Tracy’s was the second concert Gina and I saw together; the first was Presidents of the United States of America. Gina and I were possibly the first people into the TLA that night, because I remember standing almost directly in front of Tracy, pressed up against the barricade, Gina intently watching her fingers on every song.
At the end of that school year, Gina decided to audition for the school talent show, and the song she decided to play and sing was “Sharks Can’t Sleep.”
I had just starred in my first play, but at the time I didn’t play guitar. Or sing, for that matter. Yet, when Gina told me about the talent show, I had an unexpected reaction – I asked if I could sing with her.
Our friends were immediately skeptical about this – not only did I not sing, but I was at some point banned from singing entirely in the basement hallway where we all ate our lunch. Suffice to say, I was not experiencing widespread support for my sudden impetus to vocalize.

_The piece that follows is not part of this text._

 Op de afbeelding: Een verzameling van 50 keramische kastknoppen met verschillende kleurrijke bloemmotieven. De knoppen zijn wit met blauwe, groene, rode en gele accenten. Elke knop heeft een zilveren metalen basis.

However, I did have one supporter: Gina. Gina brought in her guitar so I could practice, and gave me my own verse to sing.
As murky as some of the details of this story are, my memory of auditioning for the talent show committee is crystalline. We were seated in the corner of the band room, Gina and I and our friends Lucy and Joanna, who were singing harmony. When we got to my verse I shook like a leaf, but ever-so-carefully sang “Met a star today…”

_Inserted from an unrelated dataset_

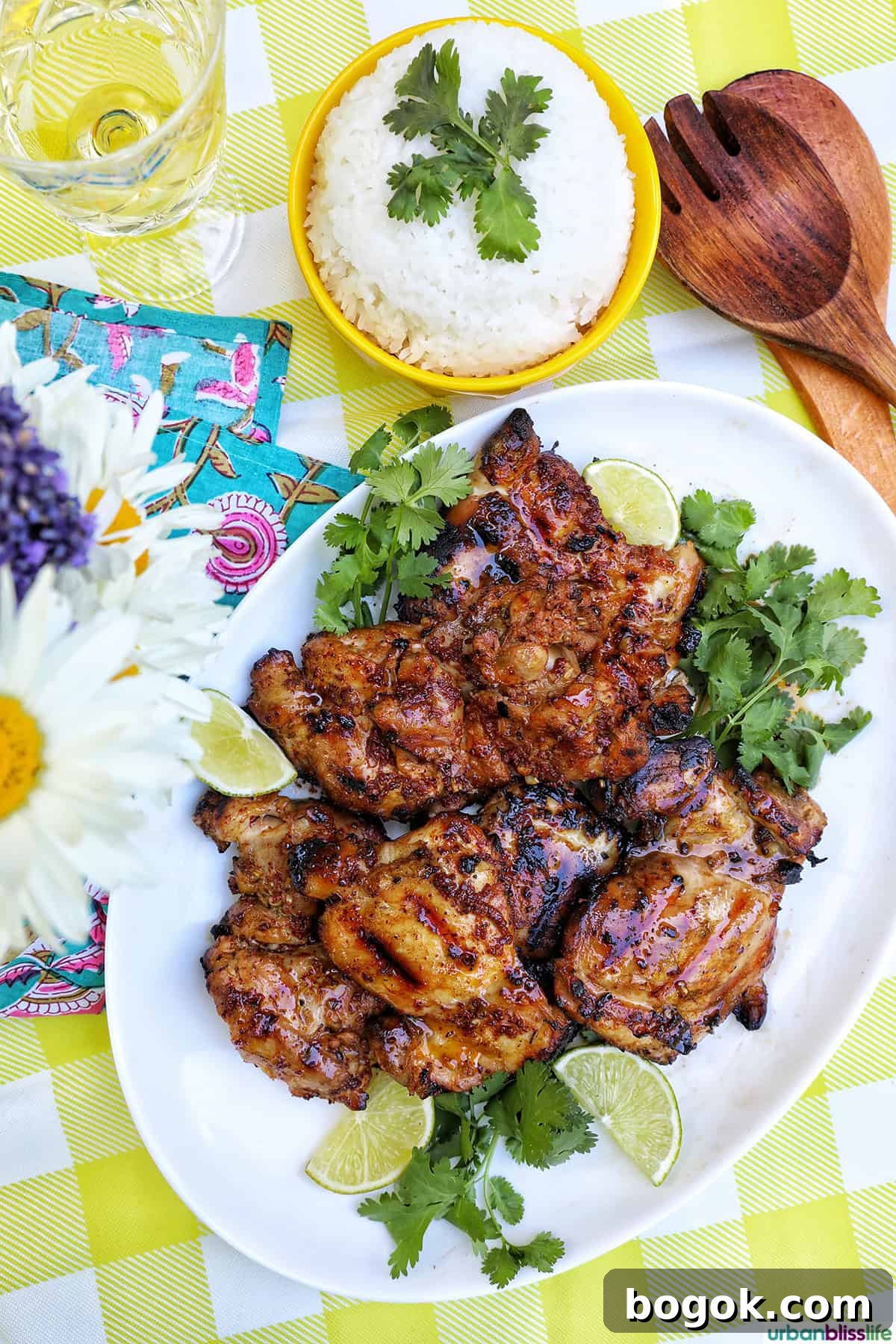 Philippine Chicken Inasal Recipe: Grilled Marinade & Tips 3 Filipino grilled chicken inasal on a platter near a vase of daisies and bowl of rice.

Afterwards someone on the committee said, “I didn’t know he could sing.”
I don’t have any memory at all of being on stage at the talent show, although there are photos to prove that it occurred. What I do remember, and will always know, is that afterwards I – completely out of the blue – demanded that my mother buy my a guitar.
I’m sure I demanded a lot of things at the time, being a stubborn only-child teenager, but for some reason this particular demand was taken seriously. Within a week I had my clunky old Ashland guitar in my hands, and a guitar lesson once a week. I kept taking them until I learned the F sharp i needed for “Sharks Can’t Sleep” and never looked back.
Over ten years later it is both completely apropos and batshit crazy that I am playing guitar in a band with Gina, since I wouldn’t be playing or singing at all without that first nod of support.
This fall Tracy blogged about “Sharks Can’t Sleep.” (She also spent some time co-writing with Garrison Starr, which blows my mind, as Garrison is my #2 longest supported indie song-writer right after Tracy. Whatever song they wrote, it is surely the best song in the known universe.)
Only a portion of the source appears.